**The problem**
Show every line of the data that includes the word "Beige".

*** Record extracts ***

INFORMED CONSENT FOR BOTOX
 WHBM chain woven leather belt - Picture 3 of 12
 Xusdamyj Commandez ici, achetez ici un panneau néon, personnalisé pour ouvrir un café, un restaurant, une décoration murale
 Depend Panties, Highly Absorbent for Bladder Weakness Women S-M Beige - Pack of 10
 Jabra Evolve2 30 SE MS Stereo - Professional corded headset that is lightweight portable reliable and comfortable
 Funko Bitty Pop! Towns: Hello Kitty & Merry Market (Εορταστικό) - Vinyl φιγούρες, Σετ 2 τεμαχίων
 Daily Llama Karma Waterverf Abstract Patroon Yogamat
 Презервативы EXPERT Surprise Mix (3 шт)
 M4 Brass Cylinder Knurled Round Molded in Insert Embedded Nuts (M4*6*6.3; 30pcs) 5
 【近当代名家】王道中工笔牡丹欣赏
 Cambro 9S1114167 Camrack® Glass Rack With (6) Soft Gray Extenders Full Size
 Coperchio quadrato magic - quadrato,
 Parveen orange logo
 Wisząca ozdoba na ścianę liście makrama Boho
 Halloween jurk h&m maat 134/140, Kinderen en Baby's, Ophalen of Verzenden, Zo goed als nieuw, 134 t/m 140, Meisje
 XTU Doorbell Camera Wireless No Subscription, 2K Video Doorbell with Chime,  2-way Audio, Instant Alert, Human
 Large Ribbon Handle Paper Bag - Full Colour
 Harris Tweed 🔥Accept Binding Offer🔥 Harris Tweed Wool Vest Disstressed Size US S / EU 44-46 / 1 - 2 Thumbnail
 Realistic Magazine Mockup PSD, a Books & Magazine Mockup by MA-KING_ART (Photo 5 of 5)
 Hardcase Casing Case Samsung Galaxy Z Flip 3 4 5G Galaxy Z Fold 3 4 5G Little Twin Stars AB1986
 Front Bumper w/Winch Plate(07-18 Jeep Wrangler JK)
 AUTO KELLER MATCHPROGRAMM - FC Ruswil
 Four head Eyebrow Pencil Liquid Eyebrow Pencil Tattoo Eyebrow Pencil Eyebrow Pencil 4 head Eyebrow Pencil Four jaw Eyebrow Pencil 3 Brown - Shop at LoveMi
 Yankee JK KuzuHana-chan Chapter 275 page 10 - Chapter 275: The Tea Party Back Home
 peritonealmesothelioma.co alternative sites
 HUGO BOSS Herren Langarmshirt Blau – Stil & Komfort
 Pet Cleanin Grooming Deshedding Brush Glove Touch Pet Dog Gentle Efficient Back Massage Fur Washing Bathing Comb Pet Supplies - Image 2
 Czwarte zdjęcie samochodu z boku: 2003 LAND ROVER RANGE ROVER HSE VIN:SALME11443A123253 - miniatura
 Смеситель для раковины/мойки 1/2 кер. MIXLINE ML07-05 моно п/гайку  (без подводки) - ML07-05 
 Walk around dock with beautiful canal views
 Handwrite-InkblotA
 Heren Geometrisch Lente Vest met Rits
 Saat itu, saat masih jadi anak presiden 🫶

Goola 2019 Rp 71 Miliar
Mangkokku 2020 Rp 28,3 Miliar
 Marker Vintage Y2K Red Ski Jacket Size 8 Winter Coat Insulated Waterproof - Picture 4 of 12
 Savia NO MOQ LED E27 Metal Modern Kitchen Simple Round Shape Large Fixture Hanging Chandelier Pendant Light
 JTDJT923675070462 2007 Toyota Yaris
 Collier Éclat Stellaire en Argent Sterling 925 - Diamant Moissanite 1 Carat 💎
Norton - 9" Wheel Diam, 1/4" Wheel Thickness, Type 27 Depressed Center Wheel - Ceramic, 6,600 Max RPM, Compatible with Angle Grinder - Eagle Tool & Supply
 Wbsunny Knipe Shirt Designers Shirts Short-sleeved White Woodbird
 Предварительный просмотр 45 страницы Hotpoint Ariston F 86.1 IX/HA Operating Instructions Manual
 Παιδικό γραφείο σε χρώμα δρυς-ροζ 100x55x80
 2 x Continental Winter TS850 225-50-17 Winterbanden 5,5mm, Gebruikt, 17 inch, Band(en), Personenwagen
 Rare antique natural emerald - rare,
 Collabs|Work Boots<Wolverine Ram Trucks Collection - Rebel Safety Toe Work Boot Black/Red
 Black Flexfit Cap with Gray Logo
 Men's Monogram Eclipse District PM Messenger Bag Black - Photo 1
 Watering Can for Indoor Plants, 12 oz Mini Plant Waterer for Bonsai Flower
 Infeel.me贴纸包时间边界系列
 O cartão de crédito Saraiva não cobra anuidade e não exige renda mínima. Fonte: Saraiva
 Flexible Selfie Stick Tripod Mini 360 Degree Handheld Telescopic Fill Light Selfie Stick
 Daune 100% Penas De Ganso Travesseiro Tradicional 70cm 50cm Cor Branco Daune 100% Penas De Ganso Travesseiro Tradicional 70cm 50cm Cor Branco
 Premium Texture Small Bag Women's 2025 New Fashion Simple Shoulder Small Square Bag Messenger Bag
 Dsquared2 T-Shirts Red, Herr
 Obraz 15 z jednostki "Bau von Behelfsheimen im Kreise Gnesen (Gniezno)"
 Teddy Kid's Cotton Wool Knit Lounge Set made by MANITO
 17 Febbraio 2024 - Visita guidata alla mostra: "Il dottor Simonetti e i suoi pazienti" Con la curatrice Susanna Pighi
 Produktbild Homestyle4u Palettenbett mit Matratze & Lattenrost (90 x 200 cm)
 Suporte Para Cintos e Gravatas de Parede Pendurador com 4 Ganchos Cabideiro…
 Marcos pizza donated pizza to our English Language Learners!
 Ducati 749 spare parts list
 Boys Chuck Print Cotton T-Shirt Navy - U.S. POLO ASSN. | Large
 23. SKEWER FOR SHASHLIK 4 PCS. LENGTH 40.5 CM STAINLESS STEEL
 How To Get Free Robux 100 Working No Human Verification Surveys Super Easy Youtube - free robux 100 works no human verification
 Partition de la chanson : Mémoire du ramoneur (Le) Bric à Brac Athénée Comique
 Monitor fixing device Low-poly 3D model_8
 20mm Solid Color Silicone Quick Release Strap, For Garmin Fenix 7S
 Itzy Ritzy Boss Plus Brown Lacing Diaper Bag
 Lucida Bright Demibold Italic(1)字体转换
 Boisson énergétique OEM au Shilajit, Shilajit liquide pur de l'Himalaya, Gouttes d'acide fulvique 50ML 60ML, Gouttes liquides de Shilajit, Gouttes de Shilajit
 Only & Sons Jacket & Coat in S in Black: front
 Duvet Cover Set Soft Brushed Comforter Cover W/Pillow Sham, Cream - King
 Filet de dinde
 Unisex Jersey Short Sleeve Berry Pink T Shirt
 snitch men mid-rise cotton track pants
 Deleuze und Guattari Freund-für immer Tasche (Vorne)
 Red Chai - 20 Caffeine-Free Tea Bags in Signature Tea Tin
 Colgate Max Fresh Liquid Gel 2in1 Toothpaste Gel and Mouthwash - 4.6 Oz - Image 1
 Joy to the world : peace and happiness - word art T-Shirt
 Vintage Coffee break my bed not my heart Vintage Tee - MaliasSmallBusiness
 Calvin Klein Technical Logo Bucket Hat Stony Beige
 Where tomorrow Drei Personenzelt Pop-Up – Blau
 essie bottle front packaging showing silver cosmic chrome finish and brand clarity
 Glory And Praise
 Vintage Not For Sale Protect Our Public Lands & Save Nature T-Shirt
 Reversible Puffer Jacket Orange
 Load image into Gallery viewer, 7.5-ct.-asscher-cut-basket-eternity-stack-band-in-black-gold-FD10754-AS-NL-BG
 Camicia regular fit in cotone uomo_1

***

**Solution for this task**
 Depend Panties, Highly Absorbent for Bladder Weakness Women S-M Beige - Pack of 10
 Calvin Klein Technical Logo Bucket Hat Stony Beige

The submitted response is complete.